■ **ACTIVITY**
Here is a listing. Write it all out again exactly, but not its pictures.

■ **EXERCISE DATA**
****
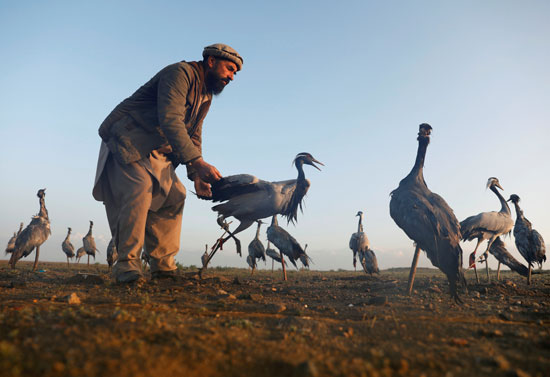 حياة صائد الطيور الأفغانى فى حقل باجرام  (7)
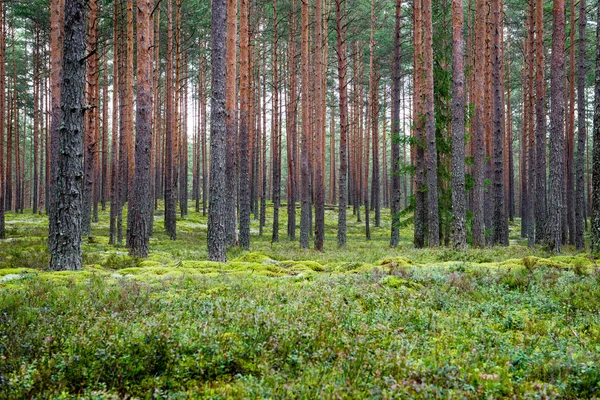 Zomerwoudbomen. natuur groen hout zonlicht achtergronden — Stockfoto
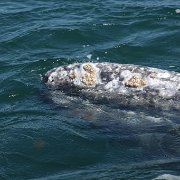 IMG 0001 2 (347)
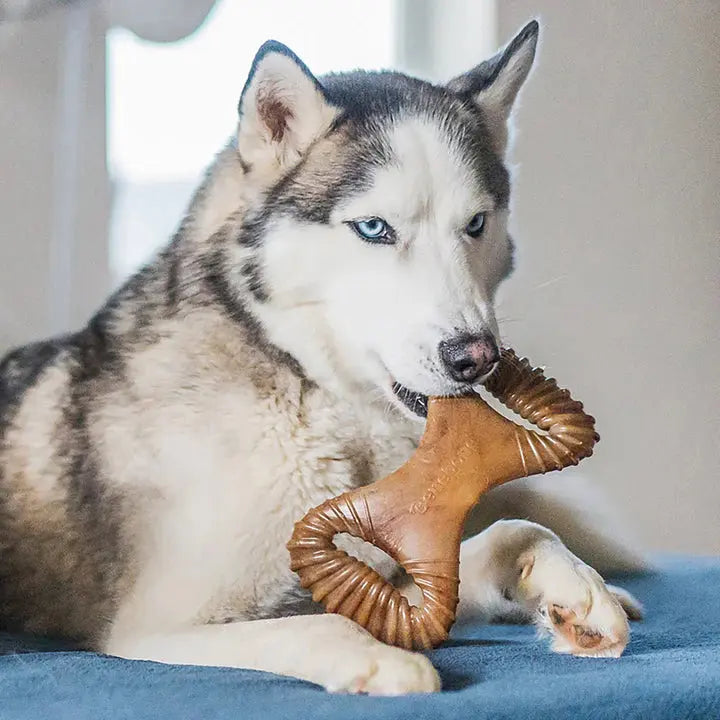 Benebone Dental Chew - Variété de tailles pour chien Benebone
****
■ **ANSWER FOR THE TASK**
 حياة صائد الطيور الأفغانى فى حقل باجرام  (7)
 Zomerwoudbomen. natuur groen hout zonlicht achtergronden — Stockfoto
 IMG 0001 2 (347)
 Benebone Dental Chew - Variété de tailles pour chien Benebone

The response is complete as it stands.